Gyrodyne Company of America
- Traded as: Nasdaq: GYRO
- Founded: 1946
- Founder: Peter J. Papadakos
- Key people: Frederick C. Braun III President and CEO

= Gyrodyne Company of America =

American real estate investment trust

Gyrodyne Company of America, Inc. is a real estate investment trust that owns, leases, and manages commercial properties along the Eastern Coast of the United States.

Gyrodyne's headquarters are located in Saint James, New York, in Eastern Long Island. It was founded in 1946, initially as a helicopter design and manufacturing company.

==History==
Gyrodyne Company of America was founded in 1946 by Peter J. Papadakos, using the assets he bought from the bankrupt Bendix Helicopters Company. The company continued Bendix's development of a one-man synchronized co-axial rotor helicopter in Massapequa, New York, before moving to St. James, New York, in 1951. For the next 24 years the company was engaged in the design, testing, development, and production of coaxial helicopters, primarily the Gyrodyne QH-50 DASH drone for the U.S. Navy. In 1975, Gyrodyne began converting its helicopter manufacturing facilities into rental space suitable for light industry. Since then the company has concentrated its efforts on the management and development of real estate.

On November 2, 2005, Stony Brook University seized 245.5 acres under eminent domain from Gyrodyne, initially paying them $26,315,000 for the property. In 2006, Gyrodyne opened a case for just compensation. Finally, in 2010, the Court of Claims ruled in Gyrodyne's favor when it awarded the company $125,000,000 thereby requiring the state to pay an additional $98,685,000 plus interest of nine percent from the date of taking, to the date of payment.

In 2006, Gyrodyne became a publicly traded Real Estate Investment Trust. Around this time, Gyrodyne began focusing on purchasing medical properties. Since then, the company has bought three such facilities: two in New York, and one in Northern Virginia.

==Aircraft==
- Gyrodyne QH-50 DASH
- Gyrodyne RON Rotorcycle
- Gyrodyne GCA-2
- Gyrodyne GCA-3 Convertiplane
- Gyrodyne GCA-35 Gyroliner
- Gyrodyne GCA-24
- Gyrodyne GCA-32 Military Convertiplane
- Gyrodyne GCA-55

==Properties==
Today Gyrodyne owns, manages, and leases four properties: two in eastern Long Island, one in southern New York, and one in Northern Virginia. In addition, the company has a limited partnership investment in a citrus grove called the Callery-Judge Grove, located in Palm Beach County, Florida.

Flowerfield is the location of Gyrodyne's headquarters and is the former site of the helicopter manufacturing facility. It is located in Saint James, New York, 50 miles east of New York City. Flowerfield is a 68-acre property with 127,062 square feet of rentable space zoned primarily for light industry. Initially more than 300 acres, most of the Flowerfield property was taken by Stony Brook University under eminent domain in 2005.

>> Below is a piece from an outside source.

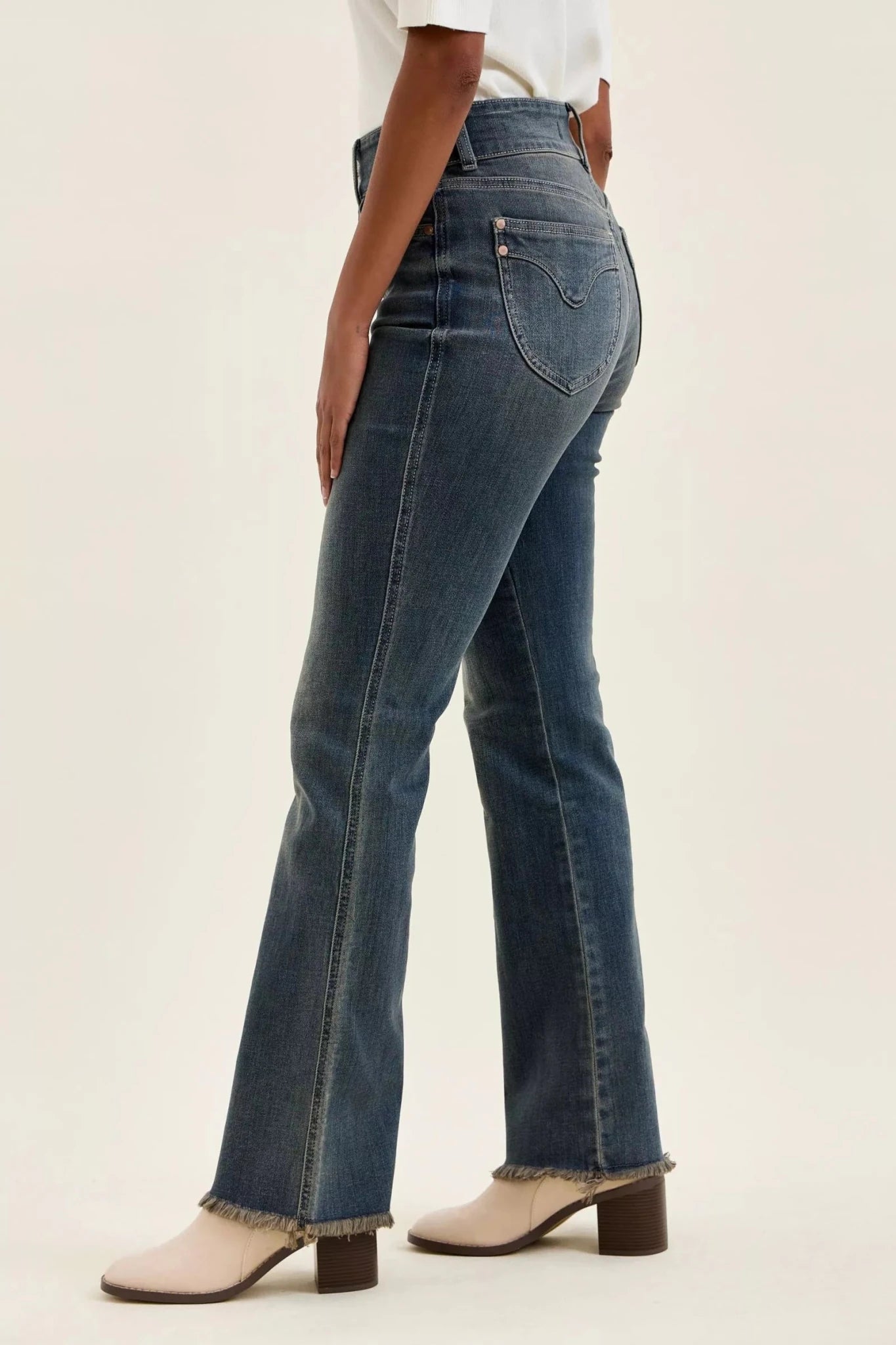 Judy Blue High Waist Double Button Frayed Hem Jeans - Cowtown Bling N Things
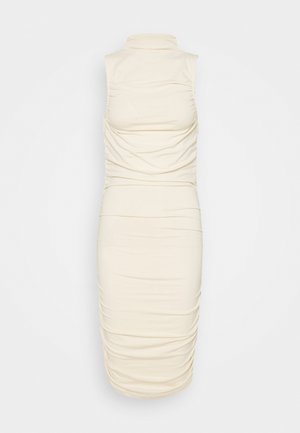 GATHERED SLEEVELESS DRESS - Jerseyklänning - light beige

In June 2007 the company acquired ten buildings in the Port Jefferson Professional Park in Port Jefferson Station, New York. These buildings are situated on 5.16 acres with 39,329 square feet of rentable space.

Cortlandt Medical Center in Cortlandt Manor, New York, was acquired by the company on June 2, 2008. It contains five office buildings which are situated on 5.01 acres with 31,198 rentable square feet. The company also acquired land around this site, including a 16,000 square foot house located on 1.43 acres, and 2,500 rentable square feet on 1.6 acres.

Fairfax Medical Center was acquired on March 31, 2009. It consists of two office buildings situated on 3.5 acres with 57,621 square feet of rentable space.